J’ai discuté avec des avocats d’hommes politiques, et ils n’ont pas l’impression que leur travail de défense va être amoindri. Par contre, on voit bien qu’avec la loi contre le narcotrafic, notamment avec les procédures coffre, la défense est légalement restreinte. Sauf on applique des procédures coffre dans les affaires politico-financières…
JSS : Qu’est-ce que cette affaire et d’autres affaires de corruption ou de trafic d’influence nous disent du rapport entre le pouvoir politique et le pouvoir judiciaire ?
S. M. : Ces politiques qui critiquent ces décisions, contre Madame Le Pen, contre Monsieur Sarkozy, sont les mêmes qui critiquent le pouvoir judiciaire, sur la base de lois qu’ils ont réclamées à corps et à cris. On constate que dès que ça les touche, on a affaire à des « juges rouges ». L’exécution provisoire des peines, ce sont eux qui l’ont demandé ! Il y a suffisamment de vidéos qui circulent là-dessus.
Là, l’attaque a été dirigée contre la présidente, alors que c’est le tribunal qui a délibéré de manière collégiale, première chose. Ensuite, l’attaque contre la présidente parce qu’elle aurait été syndiquée à l’Union syndicale des magistrats. On va sur ce terrain-là.

« Les politiques ont tout fait pour que l’association de malfaiteurs soit dans le Code pénal »
Stéphane Maugendre, vice-président du Syndicat des avocats de France
Sur la question de l’association de malfaiteurs, les politiques ont tout fait pour que ce délit soit dans le Code pénal. Ils sont un peu malvenus de venir critiquer l’application de lois qu’ils ont, eux-mêmes, appelées de leurs vœux. On parle de l’inéligibilité, par exemple. Il y a une vidéo de madame Le Pen qui dit : « Il faudrait qu’ils soient inéligibles. » Quand ça tombe sur elle, elle ne peut pas dire « c’est une mauvaise loi ». Elle dit « ce sont les juges rouges ! »

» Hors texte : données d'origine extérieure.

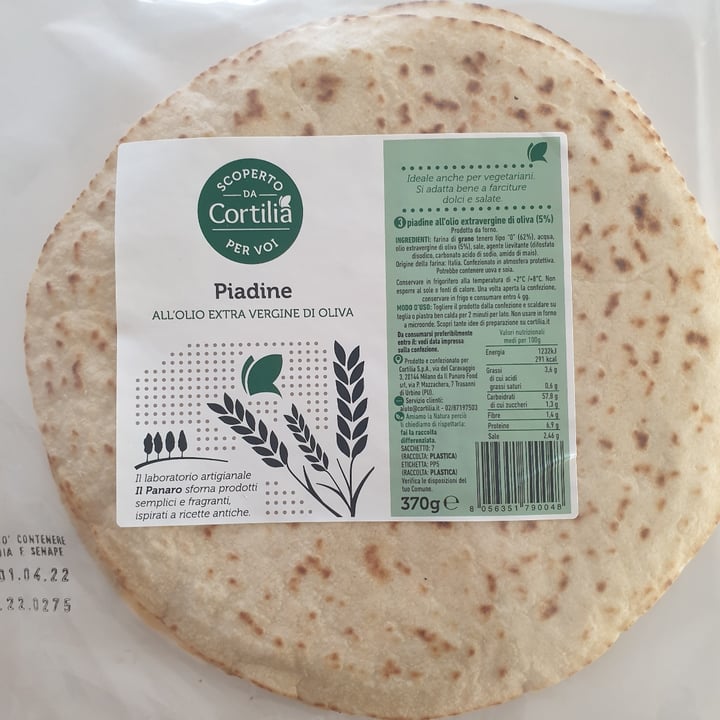 photo of Cortilia Piadine all'olio EVO shared by @simur on  15 Mar 2022 - review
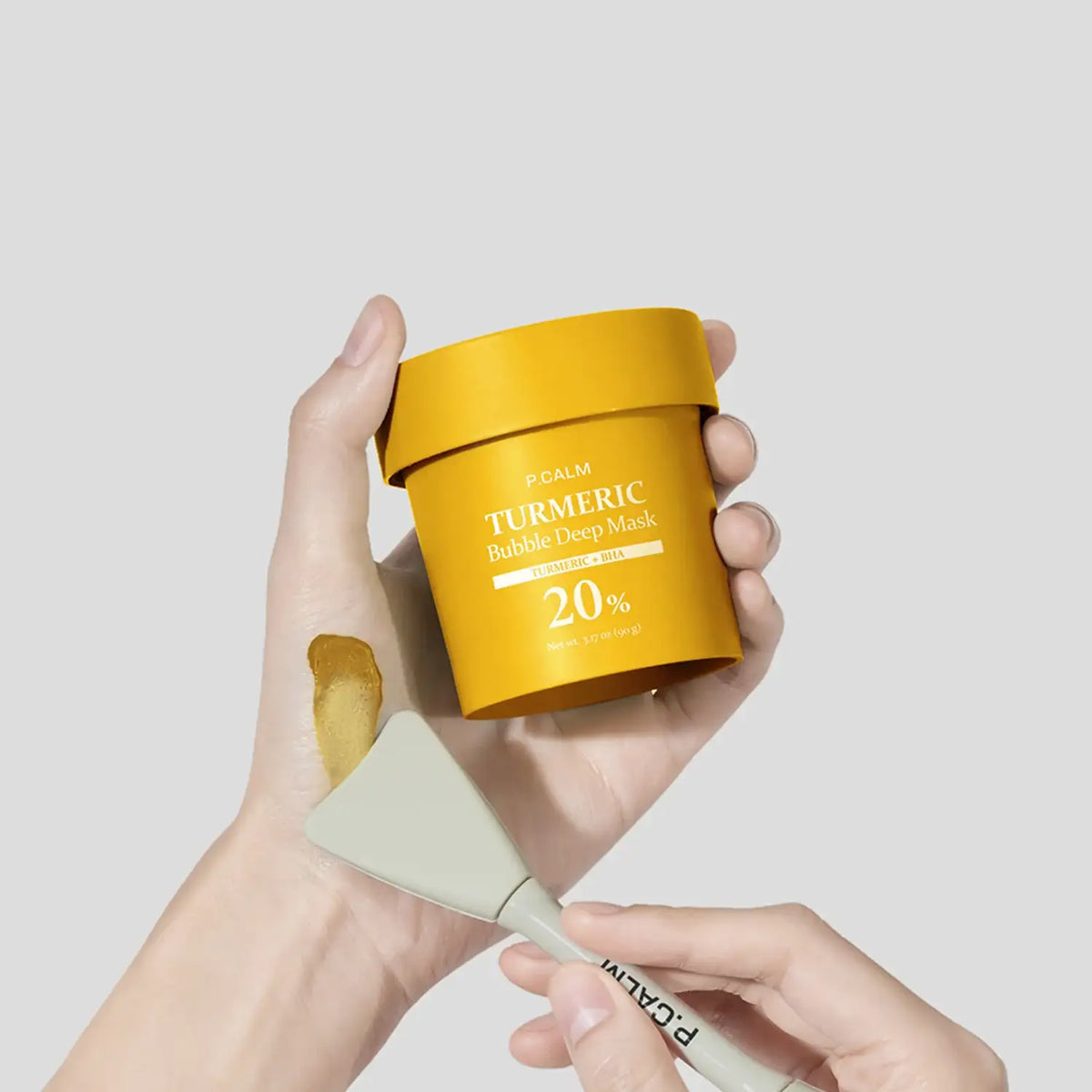 P.CALM Turmeric BHA Bubble Deep Cleansing Mask 90g Korean skin care product view 4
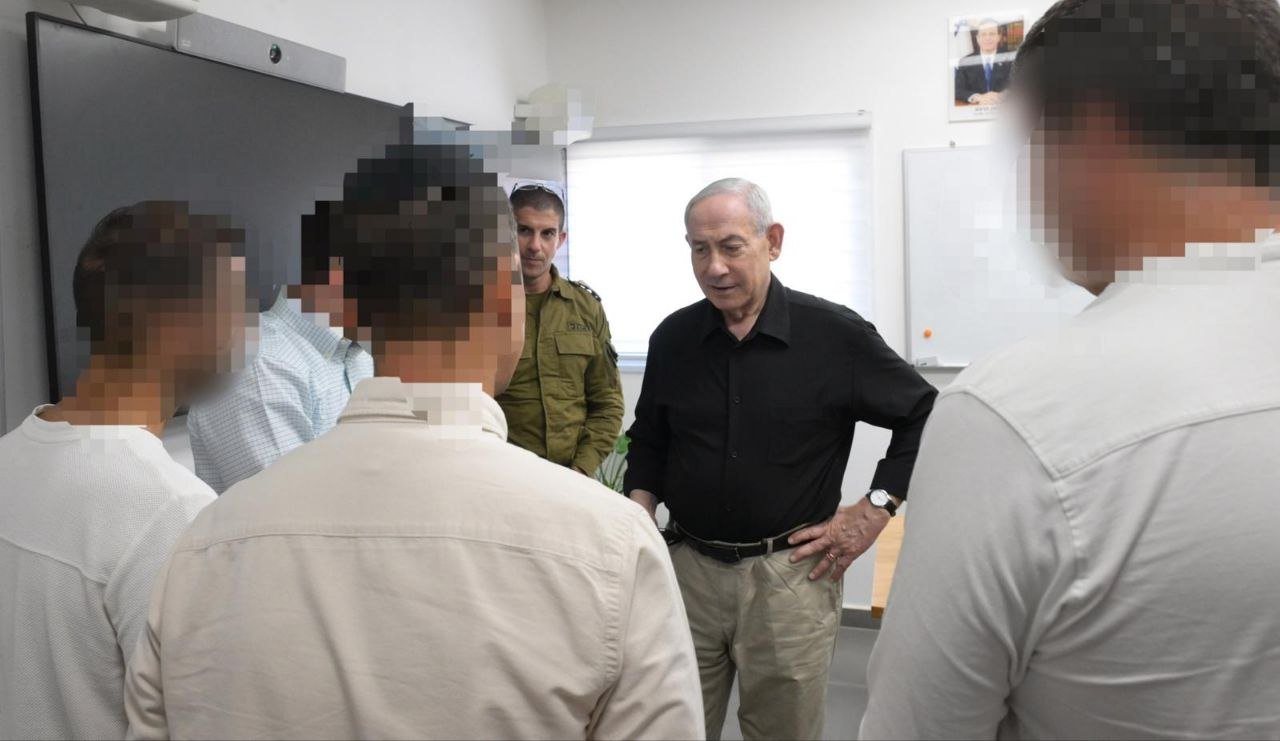 PM Netanyahu recently held a security briefing at the Gaza Division.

JSS : Dans quelle mesure une affaire politico-judiciaire et son issue, comme celle ayant concerné Nicolas Sarkozy, peut-elle restaurer une certaine confiance dans le travail de la justice ? Renforce-t-elle l’idée que personne n’est au-dessus des lois ?

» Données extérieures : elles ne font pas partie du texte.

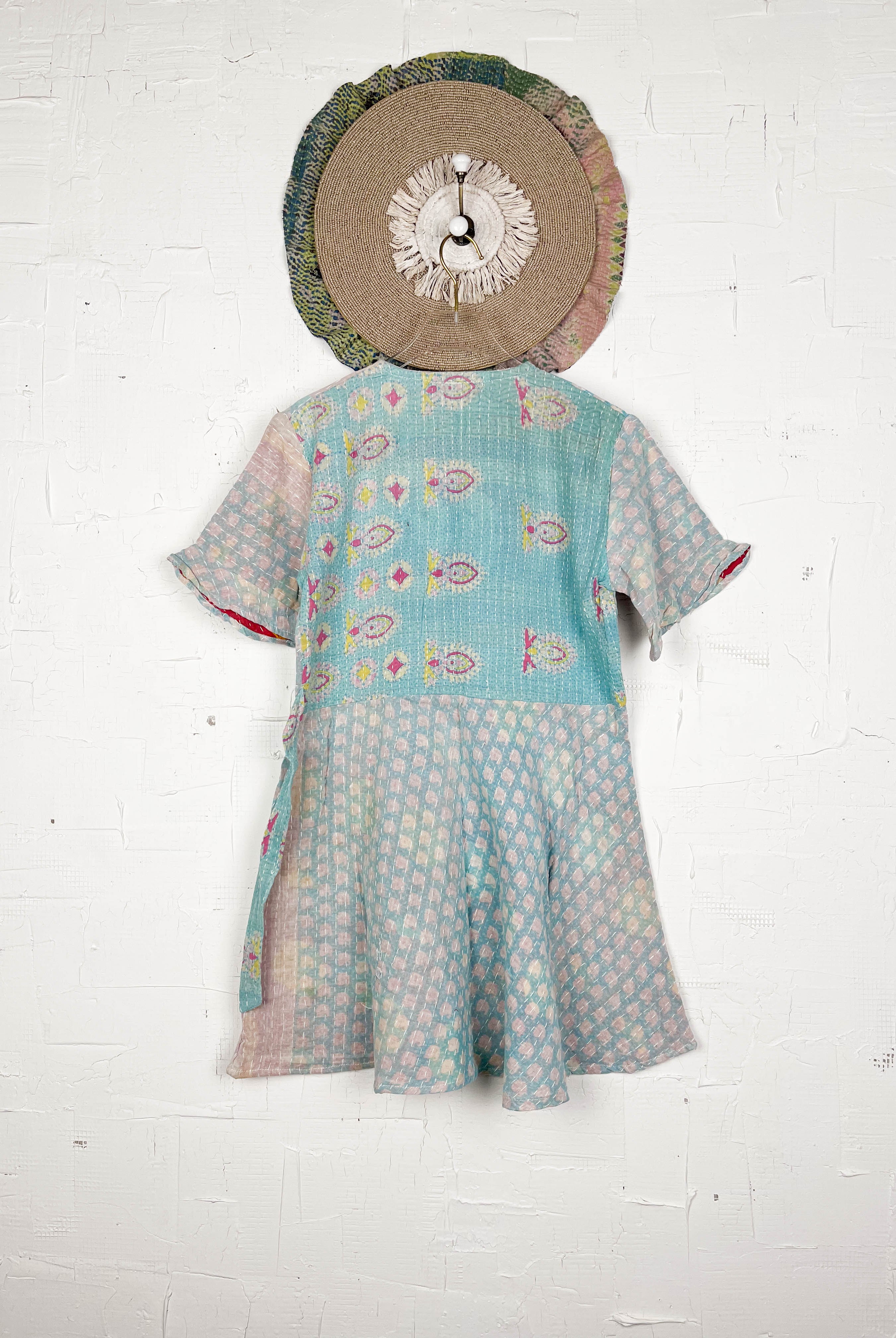 Kantha Vintage Dress - Love Protect Sustain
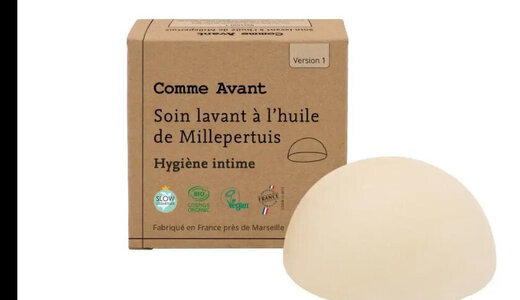 Soin lavant intime solide-COMME AVANT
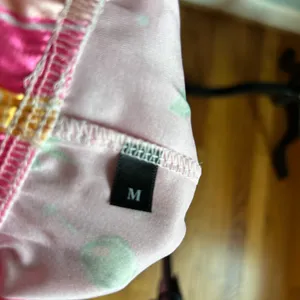 Women's Pink Satin Short Pajama Set with Cocktail Print thumbnail 4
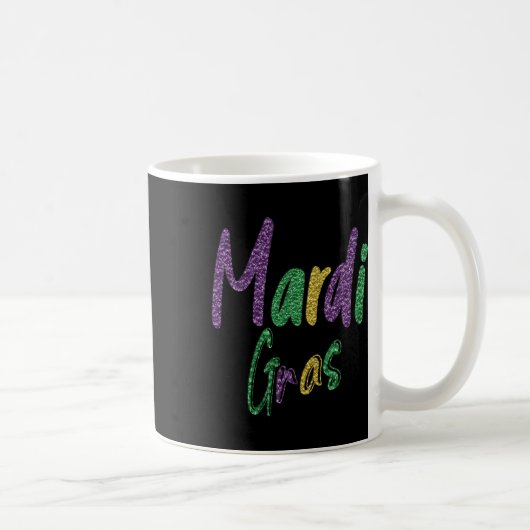 Mardi Gras Party Shirt Kaffeetasse (Rechts)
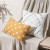 Nordic Ins Light Luxury Tufted Pillow Three-Dimensional Embroidery Waist Pillow Pillow Cover Living Room Sofa Cushion Office Cushions Customization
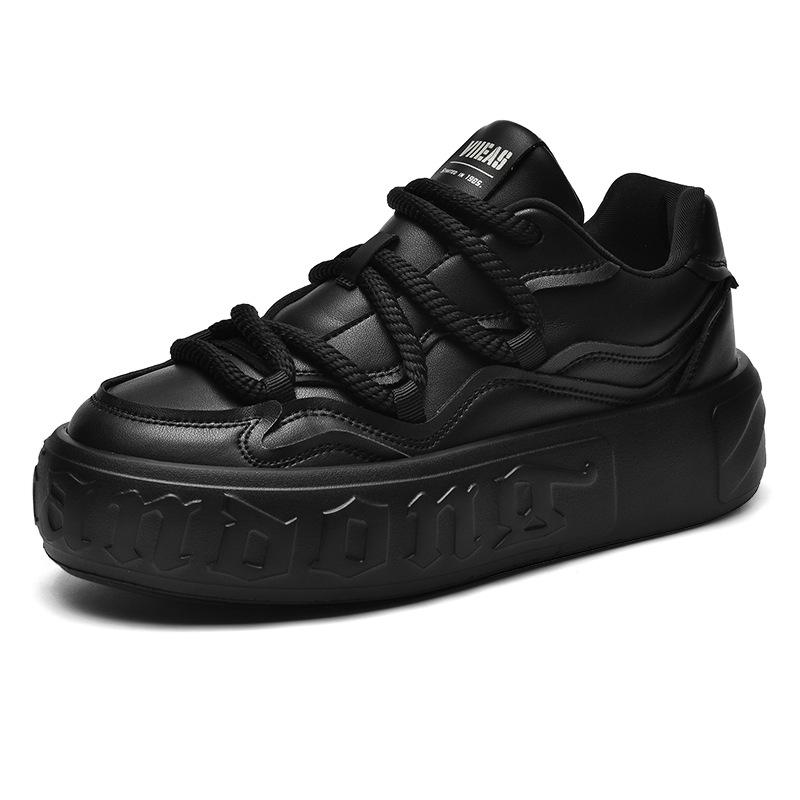 V428 Men'S Fashion Trendy Shoes Casual Men'S Shoes Heightening Soft Sole Soft Surface Comfortable Thick Baseplate Shoes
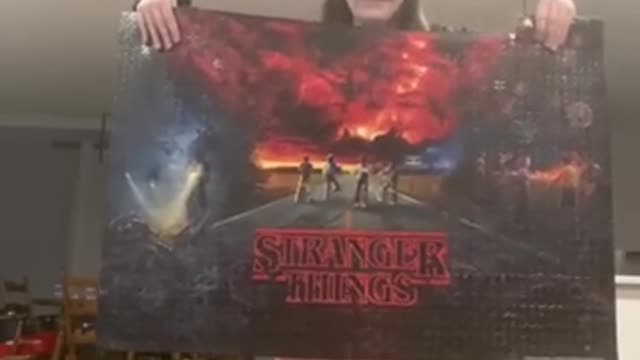 Stranger things puzzle complete! _strangerthings _shorts __ Credits_ ricasaurus.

S. M. : Des mandats de dépôt, il y en a tous les jours. En comparution immédiate, ce sont des mandats de dépôt pour des peines allant de 1 à 3 mois. Il y a des statistiques qui démontrent que, grosso modo, pour toutes les peines au-delà de 5 ans, les mandats de dépôt sont immédiats, à la barre ! Et ce que la personne soit libre ou en détention provisoire. Le fait que le tribunal condamne M. Sarkozy à 5 ans d’emprisonnement ferme pour association de malfaiteurs, un délit relativement grave, parce que lié à du terrorisme, où à quelqu’un qui était recherché par la France, le fait que les juges aient demandé un mandat de dépôt, ça démontre que la justice est finalement indépendante, et qu’elle peut sanctionner les puissants comme les faibles.